When it comes down to it, here’s how I feel: In the library, I must co-exist with Orson Scott Card’s books and his views. Even if they concern me. Even if I wonder if they’re harming my patrons. So yes, when it comes time to replace those Card paperbacks, I will re-order them. I’m not in charge of ordering DVDs for my library, but if I were, I’d have to purchase copies of this film. In my private, non-library life, I have no use for his books or his upcoming movie. Not a dime of mine will ever line this awful man’s pockets.
Enough of my views.
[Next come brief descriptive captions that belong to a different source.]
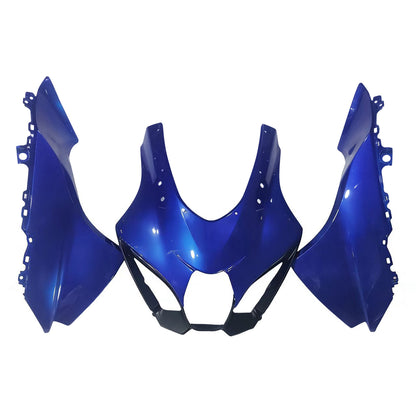 Amotopart Suzuki GSXR1000 2017-2023 K17 Kit carena Carrozzeria Plastica ABS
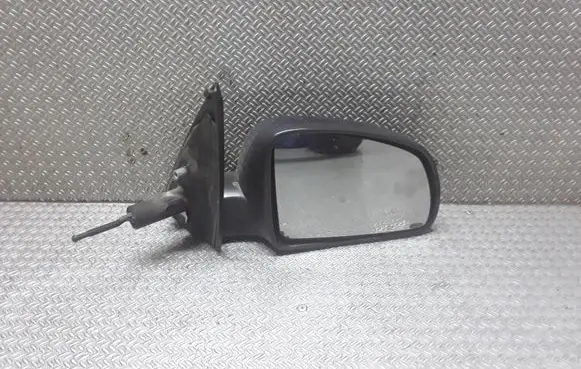 Opel Meriva A Manual wing mirror E9014176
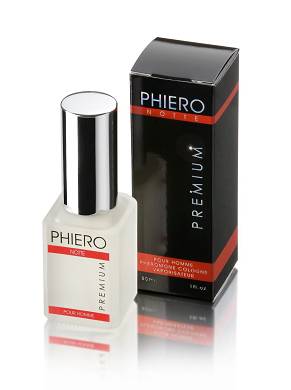 PHIERO PREMIUM MAN~MEN~PHEROMONE~EROTIK PARFÜM~PHEROMON*SEX PARFUM** + BONUS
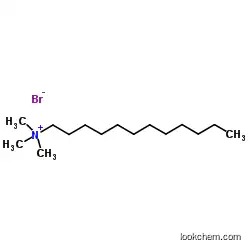 Dodecyl trimethyl ammonium bromideCAS1119-94-4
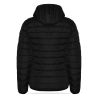 VESTE DOUDOUNE CAPUCHE Femme - R5091 - BIGANOS BASKET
I briefly interviewed Jono Jarrett of Geeks OUT. I believe that librarians need to be involved with this conversation (granted, I think librarians should be part of every conversation), and luckily, Jono was happy to oblige.
Ingrid Abrams: Why is the boycotting of Ender’s Game important to Geek culture, as well as LGBTQ culture?
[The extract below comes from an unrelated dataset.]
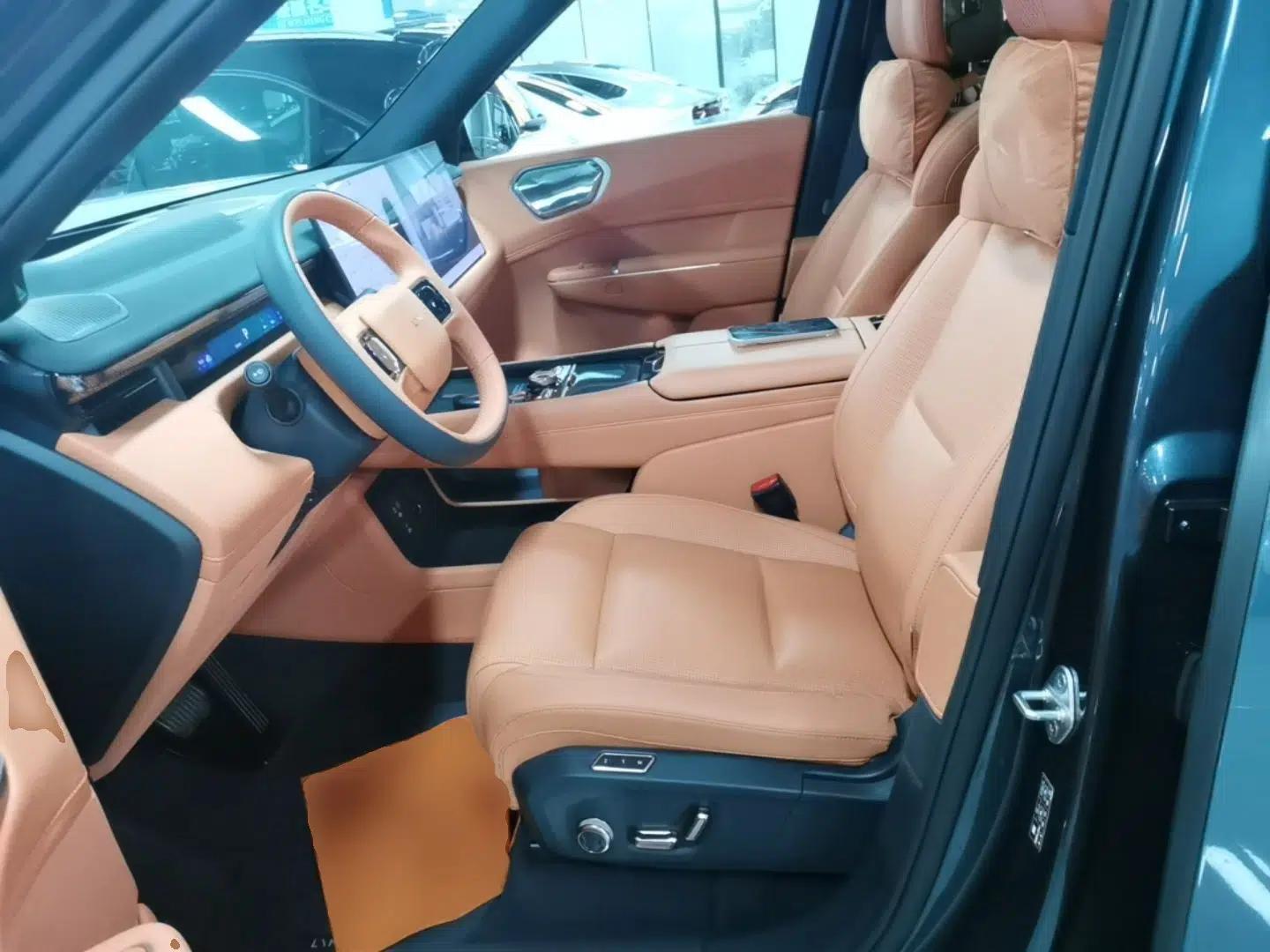 Lynk & Co 900 2025 2.0T Ultra — миниатюра 18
Jono Jarrett: I think the idea of standing up and making your voice heard is important for any culture, specially the youth who are still finding themselves the way both Geek and Queer are doing. Boycotting the Ender’s Game film is about understanding where your money goes in a real-world way; supporting him financially benefits the National Organization for Marriage and their extreme antigay agenda—is that where you want your money going? It’s important for both cultures to consider that question, because both cultures are heavily marketed towards, and as consumers our only real vote is our dollar.
I’d like to thank Jono Jarrett, as well as fellow Geeks OUT-er Patrick Yacco, for taking the time to speak to me about Orson Scott Card and Ender’s Game. If you’re interested in reading more on the topic take a look here, here, and here. I’ve already pledged to #SkipEndersGame. If you want to as well, sign up here. While you’re at it, keep in touch with Geeks OUT on Facebook and Twitter. I always appreciate what they have to bring to the table.
If you insist on watching his movie or reading his books, I ask you to take advantage of your local library. Wait for the DVD to come out and put it on hold if you really need to see Ender’s Game. Hate libraries? Well, you kinda suck. But if so, I’m sure you can troll your local thrift stores and/or raid your friends’ personal libraries for copies of his books.
So, librarians, where do you stand on boycotting Ender’s Game?